[DESCRIPTION OF THE TASK] Your answer should be every line below that includes the word "from".

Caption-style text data
Segment Open
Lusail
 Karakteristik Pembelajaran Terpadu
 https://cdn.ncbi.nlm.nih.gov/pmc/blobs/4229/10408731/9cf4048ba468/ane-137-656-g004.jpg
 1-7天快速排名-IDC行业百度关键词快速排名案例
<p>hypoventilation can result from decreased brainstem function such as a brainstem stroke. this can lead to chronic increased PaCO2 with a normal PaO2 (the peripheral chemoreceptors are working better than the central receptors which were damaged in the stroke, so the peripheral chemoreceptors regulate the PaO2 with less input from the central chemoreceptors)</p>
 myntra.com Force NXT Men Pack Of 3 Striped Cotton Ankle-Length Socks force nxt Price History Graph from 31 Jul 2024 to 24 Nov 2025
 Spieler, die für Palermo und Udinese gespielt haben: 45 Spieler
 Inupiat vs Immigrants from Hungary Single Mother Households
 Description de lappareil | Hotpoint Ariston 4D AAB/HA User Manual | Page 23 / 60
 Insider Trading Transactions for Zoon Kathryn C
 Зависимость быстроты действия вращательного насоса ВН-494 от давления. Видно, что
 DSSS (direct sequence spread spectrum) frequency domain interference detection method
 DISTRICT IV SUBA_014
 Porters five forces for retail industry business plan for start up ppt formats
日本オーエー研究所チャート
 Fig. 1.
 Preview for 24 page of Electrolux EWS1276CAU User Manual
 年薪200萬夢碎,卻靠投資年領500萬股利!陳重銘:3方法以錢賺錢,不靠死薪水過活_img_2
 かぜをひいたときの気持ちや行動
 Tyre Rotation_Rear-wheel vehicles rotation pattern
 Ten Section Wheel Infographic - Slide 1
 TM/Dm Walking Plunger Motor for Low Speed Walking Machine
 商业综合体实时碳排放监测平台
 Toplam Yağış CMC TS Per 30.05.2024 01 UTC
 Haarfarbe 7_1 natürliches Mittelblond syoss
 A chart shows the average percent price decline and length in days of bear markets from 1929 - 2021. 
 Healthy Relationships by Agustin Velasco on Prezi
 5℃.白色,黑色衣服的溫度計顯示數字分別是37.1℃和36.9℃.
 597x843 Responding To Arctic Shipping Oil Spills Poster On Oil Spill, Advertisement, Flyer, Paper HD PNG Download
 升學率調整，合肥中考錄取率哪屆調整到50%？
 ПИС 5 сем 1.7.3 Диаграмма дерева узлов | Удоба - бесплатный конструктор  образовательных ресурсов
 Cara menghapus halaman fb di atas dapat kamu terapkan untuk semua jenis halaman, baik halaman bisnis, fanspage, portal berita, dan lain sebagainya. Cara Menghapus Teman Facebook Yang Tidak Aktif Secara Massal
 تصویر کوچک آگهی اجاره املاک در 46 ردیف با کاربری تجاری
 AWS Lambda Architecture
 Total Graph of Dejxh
Segment Closed
[RESULT OF THE TASK]
<p>hypoventilation can result from decreased brainstem function such as a brainstem stroke. this can lead to chronic increased PaCO2 with a normal PaO2 (the peripheral chemoreceptors are working better than the central receptors which were damaged in the stroke, so the peripheral chemoreceptors regulate the PaO2 with less input from the central chemoreceptors)</p>
 myntra.com Force NXT Men Pack Of 3 Striped Cotton Ankle-Length Socks force nxt Price History Graph from 31 Jul 2024 to 24 Nov 2025
 Inupiat vs Immigrants from Hungary Single Mother Households
 A chart shows the average percent price decline and length in days of bear markets from 1929 - 2021. 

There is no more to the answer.